Get yourself onto the facebook home ed page. There's a map there of local home ed groups, which might help you begin to get in touch with other home educators in your area.
If you haven't already joined your local library, that needs to be top of your list, so that you can regularly go and get books out.
Start looking for the best deals on annual passes at interesting places near you - you probably can't afford more than one or two for a year, but it might well be worth doing just that one or two and then squeeze every ounce of value out of them, and then do something else next year.
You are really going to need some real life support. If you can find local home edders, that might help provide that support (although you might be a bit isolated geographically). If there really aren't many/any near you, then get ideas from here, facebook, blogs etc etc about the ways you can educate your son- there are all sorts of different flavours and you need to find what suits you both.
Keep up friendships with his school friends as much as you can, especially because there probably aren't many HEers in your area.
You'll need to think a bit longer term about what happens with your financial situation as he gets older (I think you lose benefits at some stage, don't you?). Think about the sort of work you can get that you can work around with child care (I know people who teach forest school, and their children go along too, that sort of thing).

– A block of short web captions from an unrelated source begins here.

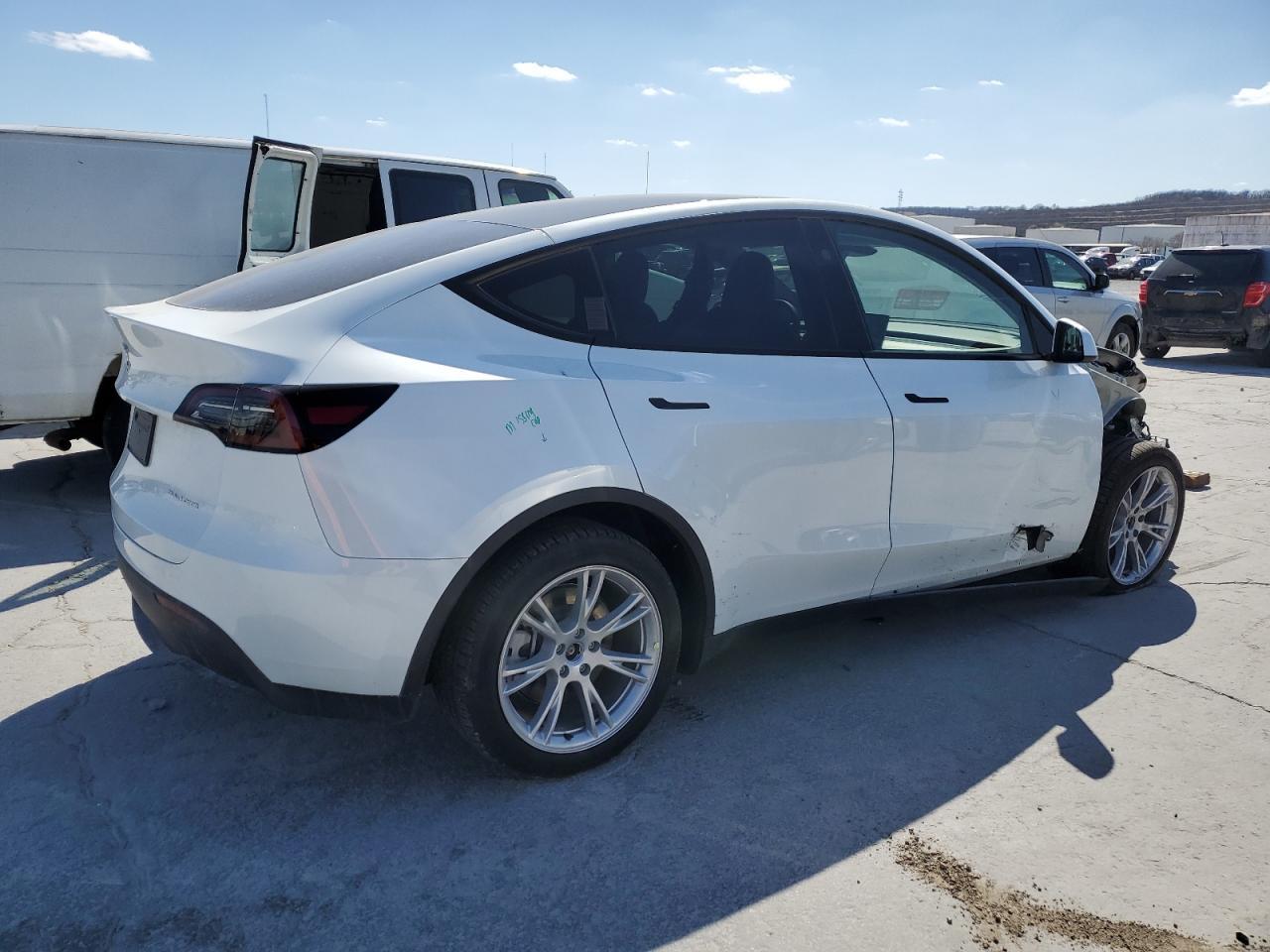 2023 TESLA MODEL Y - Image 3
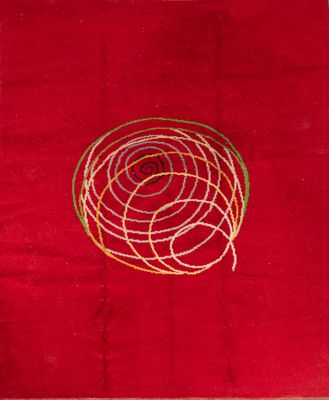 un gros plan sur un tapis rouge orné d'un motif circulaire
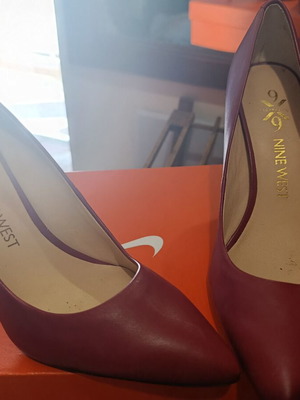 Nine West red pumps size 36 like new, worn once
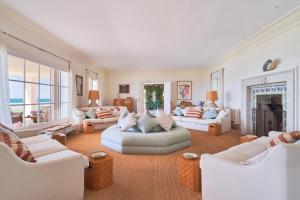 Luxurious Villa by the Sea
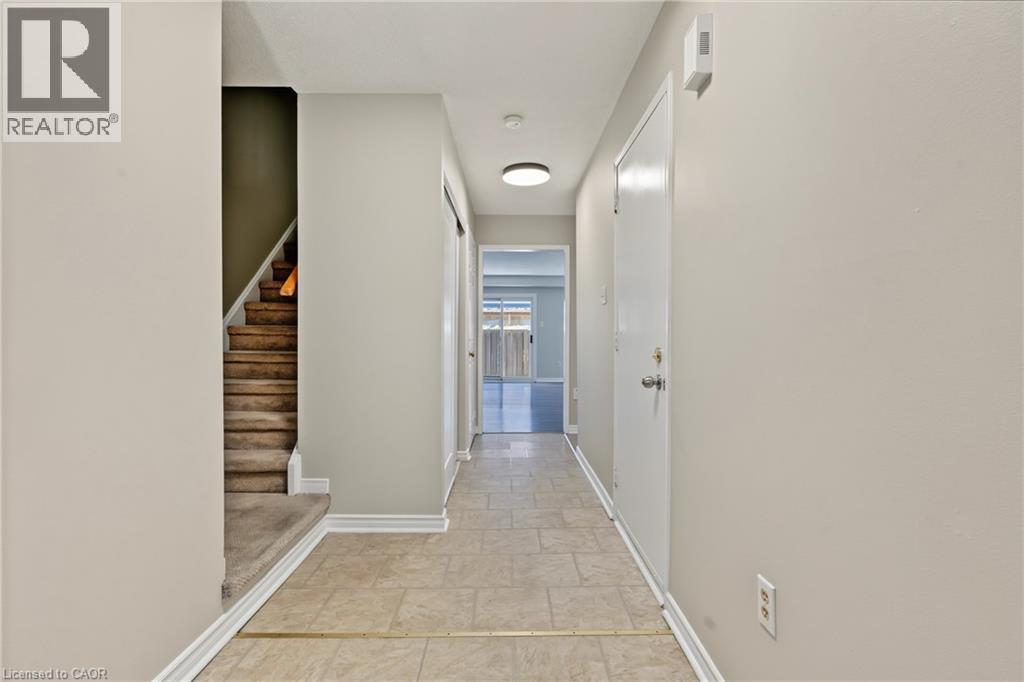 391 Stone Church Road E Unit# 14, Hamilton, Ontario  L9B 2H3 - Photo 4 - 40865131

And please bear in mind that, even if your own spelling and grammar and so on are not as splendid as the mumsnet posters might like (a) this is a great opportunity for YOU to learn about grammar and spelling side by side with your son and (b) Paula Rothermel's PhD at the university of Durham showed that the educational outcomes for HE children from poorly educated backgrounds were greatly enhanced by them being HE, over what they would have been had the children been left in school. You may well be doing your child the greatest educational favour of his life.